## Input data
-*-*-

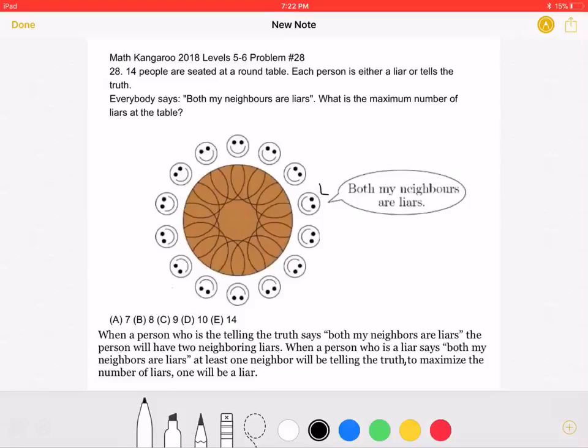This is the 2018 Math Kangaroo Levels 5-6, Problem 28. Fourteen people are seated at a round table. Each person is either a liar or tells the truth. Everybody says, 'Both my neighbors are liars.' What is the maximum number of liars at the table?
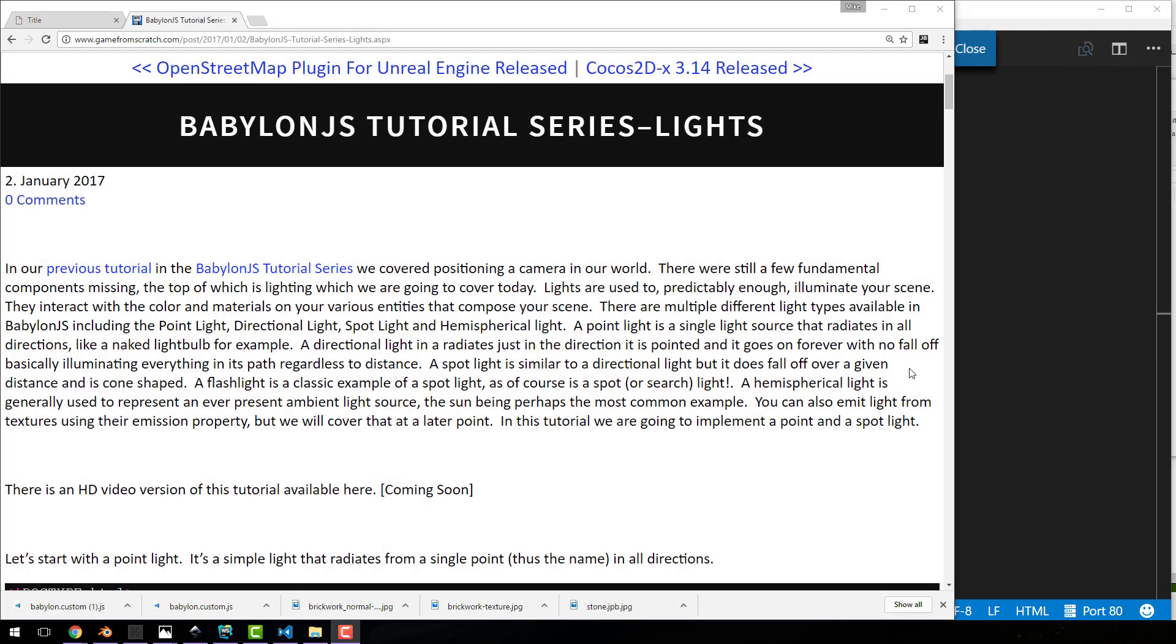Hello, this is Mike again from Scratch. Welcome back to our ongoing Babylon JS tutorial series. Today we are going to be talking about lights.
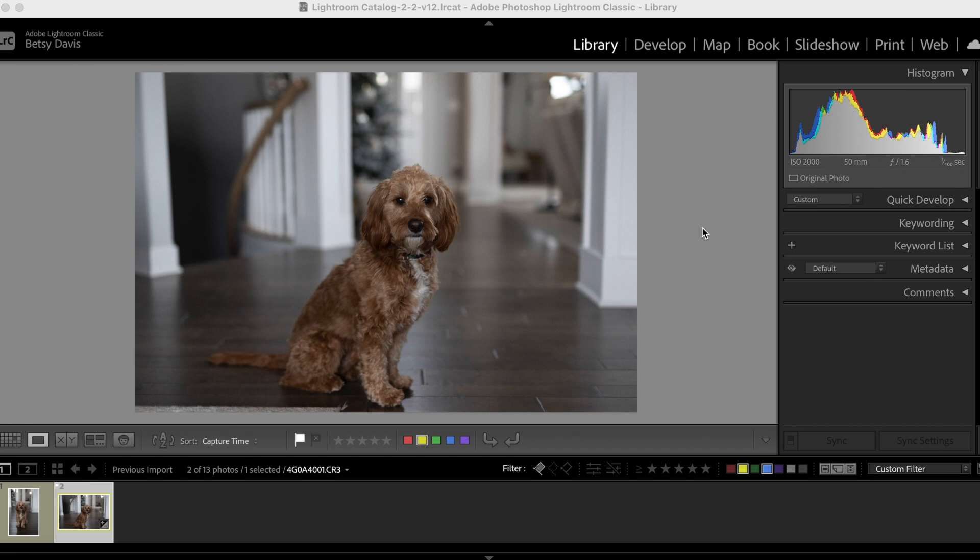It certainly does not look like what we saw on the back of my camera, right? Even on a crummy phone, back of the screen, low quality image, you could tell the dramatic difference between this raw file and the other.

-*-*-

## What to do
Pictures are not part of the answer, which must be the exact lines from the one holding "Hello, this is" through the end of the material, both ends included.

## Solution to this problem
Hello, this is Mike again from Scratch. Welcome back to our ongoing Babylon JS tutorial series. Today we are going to be talking about lights.
It certainly does not look like what we saw on the back of my camera, right? Even on a crummy phone, back of the screen, low quality image, you could tell the dramatic difference between this raw file and the other.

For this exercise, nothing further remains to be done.